__NAME:__ __FULLNAME__  
__SECTION:__ __NUMBER__  
__CS 5703: Machine Learning Practice__

# Homework 8: Support Vector Machines

## Assignment Overview
Follow the TODOs and read through and understand any provided code.  
Post any questions regarding the assignment, to Slack.
For all plots, make sure all necessary axes and curves are clearly and 
accurately labeled. Include figure/plot titles appropriately as well.

### Task
For this assignment you will be exploring support vector machines (SVMs)
using GridsearchCV and working with highly a unbalanced datasets.


### [Data set](https://www.kaggle.com/kerneler/starter-credit-card-fraud-detection-e6d0de2d-9)
European Cardholder Credit Card Transactions, September 2013  
This dataset presents transactions that occurred over two days. There were 377 incidents of 
fraud out of 191,828 transactions. The dataset is highly unbalanced, the positive class 
(frauds) accounts for 0.197% of all transactions.

__Features__  
* V1, V2, ... V28: are principal components obtained with PCA from a large feature vector
* Time: the seconds elapsed between each transaction and the first transaction  
* Amount: is the transaction Amount  
* Class: the predicted variable; 1 in case of fraud and 0 otherwise.  

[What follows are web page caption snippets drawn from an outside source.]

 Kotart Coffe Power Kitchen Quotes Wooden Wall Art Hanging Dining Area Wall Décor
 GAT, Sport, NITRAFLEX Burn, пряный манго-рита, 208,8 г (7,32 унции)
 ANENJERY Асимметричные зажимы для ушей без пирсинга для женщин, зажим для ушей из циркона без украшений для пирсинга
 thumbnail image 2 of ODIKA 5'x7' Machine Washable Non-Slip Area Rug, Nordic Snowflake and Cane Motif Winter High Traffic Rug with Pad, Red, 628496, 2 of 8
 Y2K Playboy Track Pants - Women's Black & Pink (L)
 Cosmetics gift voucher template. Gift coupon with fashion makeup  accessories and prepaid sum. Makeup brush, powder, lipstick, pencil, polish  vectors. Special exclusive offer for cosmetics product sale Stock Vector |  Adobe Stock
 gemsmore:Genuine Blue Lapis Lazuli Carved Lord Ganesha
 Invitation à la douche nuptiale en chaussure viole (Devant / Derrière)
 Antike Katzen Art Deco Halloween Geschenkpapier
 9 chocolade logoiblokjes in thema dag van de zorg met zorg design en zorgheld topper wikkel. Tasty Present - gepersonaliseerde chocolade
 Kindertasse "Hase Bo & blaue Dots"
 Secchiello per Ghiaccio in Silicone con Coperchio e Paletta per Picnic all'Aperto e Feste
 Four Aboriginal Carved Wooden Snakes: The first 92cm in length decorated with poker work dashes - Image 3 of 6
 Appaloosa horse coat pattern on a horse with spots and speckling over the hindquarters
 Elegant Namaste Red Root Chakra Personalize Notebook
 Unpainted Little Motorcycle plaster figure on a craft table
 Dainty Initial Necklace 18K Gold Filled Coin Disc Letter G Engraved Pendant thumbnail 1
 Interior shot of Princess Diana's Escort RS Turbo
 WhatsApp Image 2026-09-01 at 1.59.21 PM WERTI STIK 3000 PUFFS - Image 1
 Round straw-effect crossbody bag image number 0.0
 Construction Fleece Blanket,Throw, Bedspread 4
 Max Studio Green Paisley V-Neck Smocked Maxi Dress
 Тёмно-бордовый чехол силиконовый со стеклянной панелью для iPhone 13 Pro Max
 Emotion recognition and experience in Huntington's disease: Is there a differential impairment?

Given the class imbalance, it is recommended to use precision, recall and the 
Area Under the Precision-Recall Curve (AUPRC) to evaluate skill. Traditional accuracy 
and AUC are not meaningful for highly unbalanced classification, as these scores are 
misleading due to the high impact of the large number of negative cases that can easily
be identified.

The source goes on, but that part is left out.